Only Hearts can Trump Trumpery

"Trumpery" is a real word.

Says the Merriam-Webster Dictionary:

"Trumpery derives from the Middle English trompery and ultimately from the Middle French tromper, meaning "to deceive." (You can see the meaning of this root reflected in the French phrase trompe-l'oeil-literally, "deceives the eye"  -- which in English refers to a style of painting with photographically realistic detail.) Trumpery first appeared in English in the mid-15th century with the meanings "deceit or "fraud'  and 'worthless nonsense.' "

How prophetic!

Diamonds (that is, money) cannot trump Trump or his Trumpery.  Clubs (that is, coercion  -- violent or nonviolent) cannot trump Trump or his Trumpery. Even spades (hard work and the labor movement) cannot trump Trump or his Trumpery. Only hearts can trump Trump and his Trumpery.

That is, only turning our hearts to what is moving and enraging Trump’s supporters can trump Trump and the trumpery he spews into the body politic. And that is the real issue facing America -- far deeper than one presidential election.

Many liberals and progressives have accurately defined two of the three profound illnesses afflicting American society and perverting our politics today  -- but not the third, for which they are partly responsible.

They have accurately named the economic oppression that has led to worsening inequality and  the collapse  of the white “middle class.”
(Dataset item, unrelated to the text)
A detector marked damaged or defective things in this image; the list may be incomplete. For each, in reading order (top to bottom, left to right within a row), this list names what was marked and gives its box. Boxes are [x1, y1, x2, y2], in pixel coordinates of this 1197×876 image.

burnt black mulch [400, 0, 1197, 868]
They have accurately named the economic and quasi-military subjugation of the Black community through disemployment, police brutality, and mass incarceration.
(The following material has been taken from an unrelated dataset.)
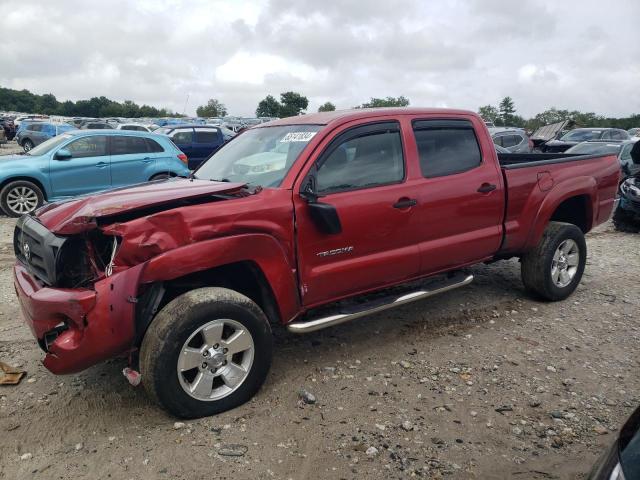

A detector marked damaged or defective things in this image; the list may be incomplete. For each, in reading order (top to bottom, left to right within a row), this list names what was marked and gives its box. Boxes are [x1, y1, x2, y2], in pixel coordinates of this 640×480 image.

crumpled front bumper [14, 262, 145, 376]
damaged red pickup truck [13, 109, 620, 416]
They have accurately said that both these oppressions stem from the greed of those who rule America –- the fewer than “1%.”

The third illness, however,  stems in part from the inaction or hostility of many progressives. Many have insisted that “American culture” open itself to the “strangers” who actually have been around for a long time but have been not so visible or not so rambunctious:  Hispanic,  Muslim,  Black, feminist, and GLBTQ  communities.

It was neceessary and praiseworthy to insist these “outsiders” must also be welcomed as insiders, affirming their own cultures and reshaping the broad America.  

But in doing this, many progressives ignored or marginalized those cultures  that had for decades or centuries seen themselves as the real America. Many working-class white Christians – especially evangelical Protestants but also mainstream Protestants and Catholics --have seen themselves losing out not only economically but in their own sense of themselves.

During the last forty years or so , even their death rates have risen, for the first time in US history.

They see themselves as abandoned and forlorn.

When the economic pressures on the white working class are reinforced by this sense of cultural marginalization, the result can be –-  to some extent already has been –-  a burst of rage against  “the stranger” that borders on fascism.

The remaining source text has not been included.